Today was an exciting day. I found proof of my theory that rocks blow out the asphalt in roads just like the mushrooms blow out the asphalt on my driveway!
Almost ready to pop. You can see the rise in the road made by the rock. Also, with every day that passes we see more and more colour in the forests. Things are starting to get very pretty. The yellows will probably be the last colour to appear but even gold with the frequent orange and red will look very nice.
We left Fredericton and drove 112 km west and north to the little town of Hartland. We did this for only one reason; well, two reasons. The number one reason was to see the longest covered bridge in the world. Number two reason was to enjoy some more New Brunswick scenery, which we did by following the St. John River via Highways 102 and 105 rather than Route 2, the freeway. We were displeased to find the bridge closed to traffic as we wanted to cross it. John said he wanted to drive across so he could sneak a kiss.

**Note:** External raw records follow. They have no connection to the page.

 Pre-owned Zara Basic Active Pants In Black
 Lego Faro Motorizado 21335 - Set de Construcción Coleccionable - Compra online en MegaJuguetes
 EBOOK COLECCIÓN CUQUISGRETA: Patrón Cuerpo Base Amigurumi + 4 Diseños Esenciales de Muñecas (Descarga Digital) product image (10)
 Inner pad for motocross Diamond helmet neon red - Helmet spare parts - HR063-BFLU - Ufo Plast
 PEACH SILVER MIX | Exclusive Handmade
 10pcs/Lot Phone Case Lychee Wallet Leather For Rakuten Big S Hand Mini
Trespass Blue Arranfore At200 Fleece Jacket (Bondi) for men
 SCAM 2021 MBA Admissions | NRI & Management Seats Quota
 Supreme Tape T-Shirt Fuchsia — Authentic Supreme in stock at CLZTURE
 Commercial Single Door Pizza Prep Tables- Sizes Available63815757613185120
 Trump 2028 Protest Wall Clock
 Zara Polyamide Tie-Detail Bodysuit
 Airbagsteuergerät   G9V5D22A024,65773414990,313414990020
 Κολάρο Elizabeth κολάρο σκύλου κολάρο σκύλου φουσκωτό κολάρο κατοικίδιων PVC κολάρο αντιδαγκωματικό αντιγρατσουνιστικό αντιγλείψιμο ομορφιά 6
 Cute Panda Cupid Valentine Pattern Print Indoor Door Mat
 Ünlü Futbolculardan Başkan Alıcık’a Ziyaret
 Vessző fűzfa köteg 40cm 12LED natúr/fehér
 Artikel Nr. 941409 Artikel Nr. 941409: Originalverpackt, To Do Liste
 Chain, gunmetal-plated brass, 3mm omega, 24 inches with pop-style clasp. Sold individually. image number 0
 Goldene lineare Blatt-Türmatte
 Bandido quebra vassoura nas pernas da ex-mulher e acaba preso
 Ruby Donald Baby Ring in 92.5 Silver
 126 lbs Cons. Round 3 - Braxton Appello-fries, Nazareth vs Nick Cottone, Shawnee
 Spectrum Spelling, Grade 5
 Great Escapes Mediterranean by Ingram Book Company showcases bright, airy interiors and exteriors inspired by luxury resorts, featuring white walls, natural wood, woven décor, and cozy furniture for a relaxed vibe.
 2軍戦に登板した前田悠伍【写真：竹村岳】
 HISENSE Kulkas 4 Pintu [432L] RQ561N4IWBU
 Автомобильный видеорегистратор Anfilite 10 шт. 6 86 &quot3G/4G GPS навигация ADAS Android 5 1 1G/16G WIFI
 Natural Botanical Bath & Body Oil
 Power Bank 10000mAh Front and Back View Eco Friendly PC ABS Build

Covered bridges were called ‘kissing bridges’ because they were enclosed and young couples out for a drive could sneak a kiss without any parents or nosy neighbours as witnesses. The bridges were really covered to protect the wood decks from rain, snow and ice.
After photographing the bridge we crossed the St. John River on a longer newer bridge and drove back down the other side of the river on the freeway. We had planned to turn off at the small town of Canterbury and follow route 630 south to Andersonville but the road turned to gravel within a couple of km. We were not going to go 40 km on a gravel road so we retraced our route and picked up the freeway again as far as Longscreek which is only about 30 km from Fredericton! Then we took Highway 3 to Highway 1 to St. George.
At St. George the Masgaguadavic River flows through a very narrow gorge. This gorge has been dammed for hydroelectric power and the water just roars through it. At the other end of the gorge the bridge has a pedestrian walkway with an opening on each side that allows you to cross to the gorge side and stand on a little jutting platform to take photos. Rather nice of them I thought! (Of course it was probably done in self defence to prevent an accident caused by inattentive people walking on the narrow bridge.)
We took a little drive around St. George before heading out. St. George is called The Granite Town for their red granite quarry. Stone from this quarry was used on many projects, such as the Parliament Building in Ottawa and a cathedral in Boston.
It was an 18 km drive west along the coast from St. George to St. Andrew’s-by-the-Sea. St. Andrew’s was settled by United Empire Loyalists in 1783 following the American Revolution. Many of their houses were dismantled, barged across the river from Castine, Maine and reassembled. More than 250 homes in the historic district are 100 to more than 200 years old. Main Street is 8 -10 blocks long of beautiful buildings and the houses stretch back for 4 -5 more blocks. Many of them have plaques telling when they were built and by whom. Tomorrow we explore.
When we arrived in St. Andrew’s we chanced upon the West Point Blockhouse, one of the few remaining blockhouses in Canada. It was damaged in a fire in 1993 but the citizens and Parks Canada (it is a National Historic Site) repaired it. It was built by the community to protect themselves from privateers during the War of 1812-14.
John makes all our hotel reservations and I was wondering why he had booked us into a B & B when there were so many hotels available (St. Andrew’s has long been a holiday resort town). When we located the Inn on Frederick and opened the door to our room I knew why. Gorgeous place. It is huge with nine guest rooms. The Inn is owned and run by a young Korean family who came to Canada 5 years ago and settled in St. Andrew’s after spending an hour having lunch here. Jay would like to move west in about five years – for the fishing!